2016q3 A09 (JIT-compiler)

contributed by <hugikun999>, <ponsheng>
http://www.voy.com/245963/
github page : https://github.com/ponsheng/jit-construct

預期目標

學習設計 JIT 編譯器
運用計算機組織的背景知識，進行深入效能評估和提出改善方案
延展程式語言，提供 concurrency 能力

背景知識

Just-in-time compilation

靜態編譯(compiler)：程式都編譯成 machine language，再執行
動態直譯(interpreter)：在程式執行時，一行一行編譯

JIT compile (動態編譯)在程式執行階段才把程式編譯成 machine language ，同時進行程式優化

通常程式會出現兩種現象，因此可以對應做優化

重複執行相同的程式碼 -> 將熱點程式儲存起來，下次遇到時，可以直接執行不用編譯。
程式不夠精簡，造成多餘成本 -> 先讀取部份程式，優化後，再轉成 machine code

這次作業要優化第2種現象(BF 沒有 subroutine 的概念)

JIT 的優化範例可見第二個參考網址

(1)~~Understanding the differences~~
(2)JIT-compiler
(3)What is the difference between a compiler and an interpreter?
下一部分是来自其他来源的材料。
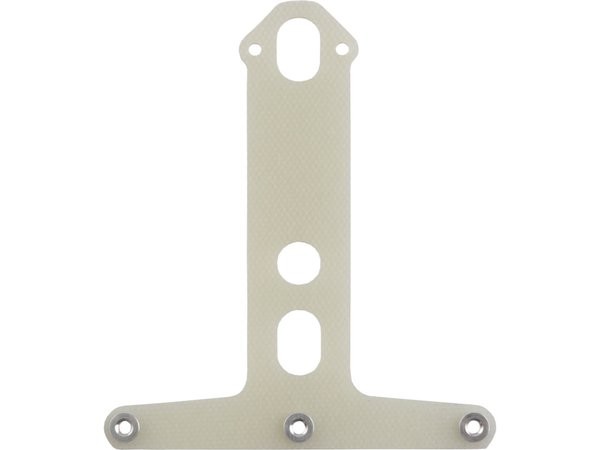 T-Bar, Měkký # 1.6 mm GRP # OPTIONAL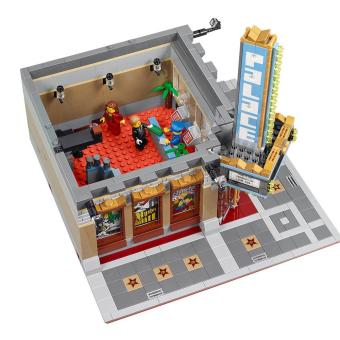 LEGO® Creator Expert 10232 Palace Cinema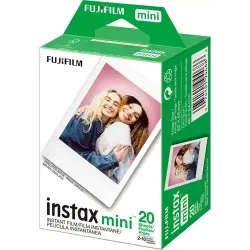 FUJIFILM INSTAX mini Instant Film (20 Sheets) FUJIFILM INSTAX mini Instant Film (20 Sheets)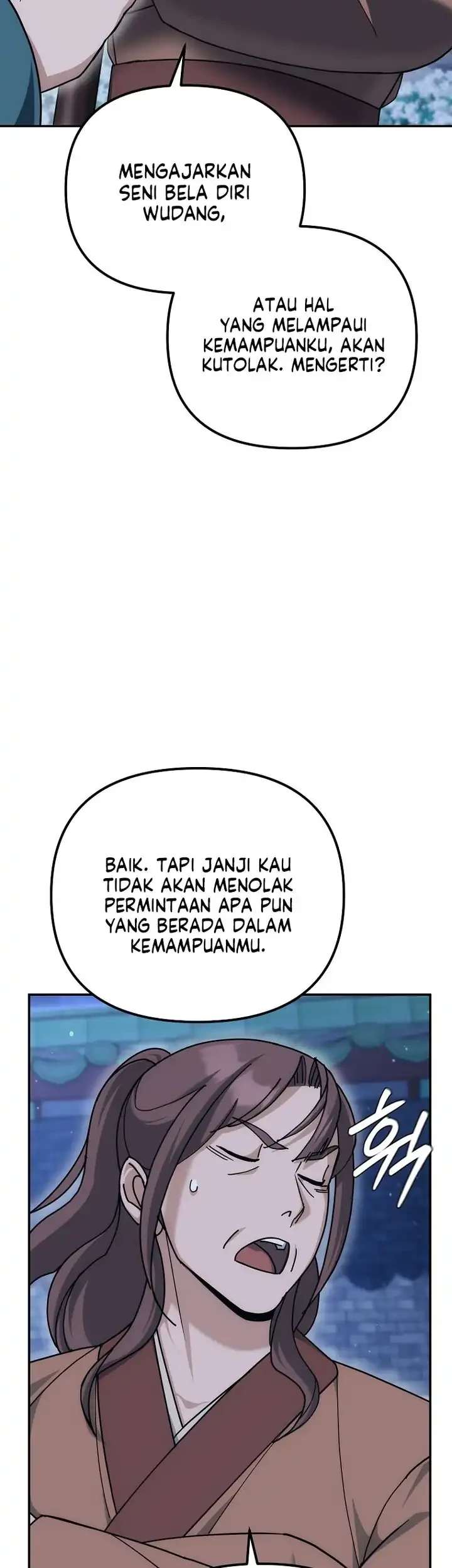 The Eunuchs Second Life Chapter 19 Gambar 44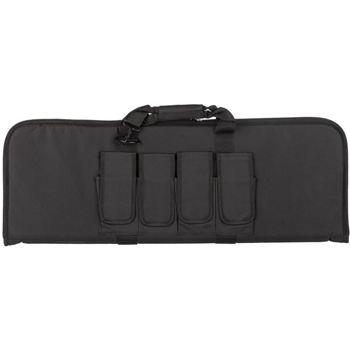 NcSTAR VISM Single Carbine Case 36" - Black - $13.99 - $13.99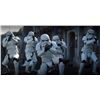 Image 13 : Lot #751 - STAR WARS: THE MANDALORIAN (T.V. SERIES, 2019-PRESENT) - Stormtrooper Costume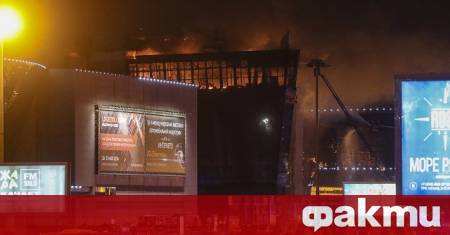 ФАКТИ публикува мнения с широк спектър от гледни точки за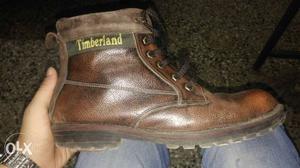 Timberland Boot (Men Shoe)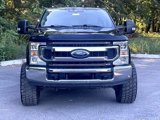 Used 2020 Ford F250 XL w/ STX Appearance Package image 2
直譯器(interpreter) v.s 編譯器(compiler)
直譯器會在程式執行時才將原始碼一行一行轉譯並在轉譯後立即執行，相對於直接執行編譯器所產生的機械碼花費更多的時間。但是編譯器必須先將原始碼編譯成可執行碼之後才會執行，相比之下直譯的動作會更省時間。
sed語法

$ sed 's/要被取代的字串/新的字串/g'

other
(1) magic code: an informal term of abstraction
(2) final: if a thing is to be declear with the label final,the thing can't to be inherit by other.
(3) virtual: if a thing is to be declear with the label virtual,it will be late binding(dynamic binding).
(4) late binding: the method being called upon an object or the function being called with arguments is looked up by name at runtime.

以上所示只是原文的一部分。